Cushney Roberts Tells the Story of Motown

Spectrum will appear with the Houston Symphony as part of our The Men of Motown concert this July at Jones Hall.

Spectrum will appear with the Houston Symphony as part of our The Men of Motown concert this July at Jones Hall.

On July 16, the Houston Symphony presents The Men of Motown Featuring Spectrum, a concert celebrating the rich musical legacy of some of Motown’s greatest artists. Headlining the concert will be the vocal ensemble Spectrum, one of the best Motown-style ensembles around. Spectrum vocalist Cushney Roberts took some time to share a bit of the remarkable history behind this music.

Well into the 1950s, music recordings by American black artists were classified as “race” records and were typically forbidden or severely restricted from radio airplay on “white” stations. Many of the songs were rerecorded, or covered, by white artists who often prospered from broader airplay and sales while the original artists struggled. Perhaps most notably, songs by Fats Domino and Little Richard were covered by Pat Boone (“Ain’t That a Shame,” “Tutti Frutti” and “Long Tall Sally”); Big Momma Thornton’s “Hound Dog” was covered by Elvis Presley; and The Beatles covered Chuck Berry, the Marvelettes and Little Richard with “Roll Over Beethoven,” “Please Mr. Postman” and “Long Tall Sally,” respectively.

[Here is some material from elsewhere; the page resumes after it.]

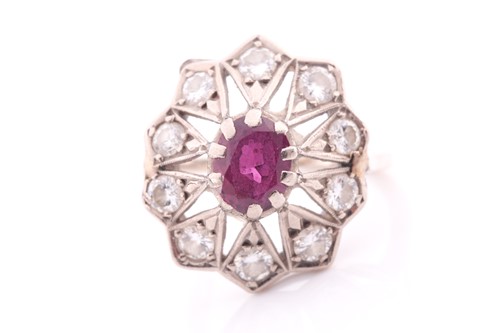 Lot 360 - An Art Deco ruby and diamond cluster ring; the...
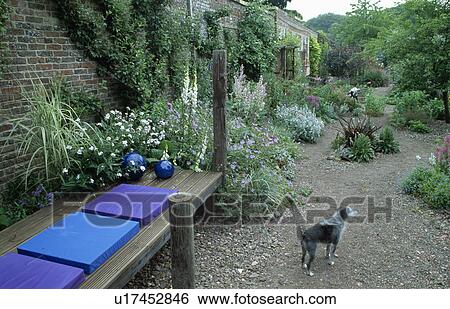 Blue cushions on wooden bench in country garden in summer View Large Photo Image Stock Photograph - Blue cushions on wooden bench in country garden in summer. Fotosearch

Since airwaves cannot be controlled, white audiences first heard these “forbidden” tunes on black-oriented radio programs. The demand grew, and white-orientated stations were pressured into playing recordings by the black artists. The “crossovers” moved into an arena where a larger, more lucrative audience awaited.

Spectrum I RCCL WR promo 2

“Groomed at Motown’s finishing school, well-mannered young black performers thrilled audiences with their flashy, yet classy, costumes and exquisite choreography.”

Paralleling the era of segregation in the 1950s and ’60s, Berry Gordy founded Motown Records, named for Detroit: Motor City. He envisioned a style and presentation of music that would capture the attention of all of America’s youth. By tapping into a deep pool of talented young performers, writers, musicians and producers, he mined great songs and presented them to an eager public. Groomed at Motown’s finishing school, well-mannered young black performers thrilled audiences with their flashy, yet classy, costumes and exquisite choreography.

Once on the airwaves, the music took root, and the cornerstone of the soundtrack of the 1960s and ’70s Vietnam and Civil Rights era found its place in American history. The Motown sound shared top rankings on the American pop charts with America’s British Invasion, while it made its mark on Britain and beyond. Gordy’s acts made regular appearances on The Ed Sullivan Show and numerous TV specials.

An American institution and unique musical and entrepreneurial phenomenon, Motown stands as a shining example of a merger of American ingenuity and talent.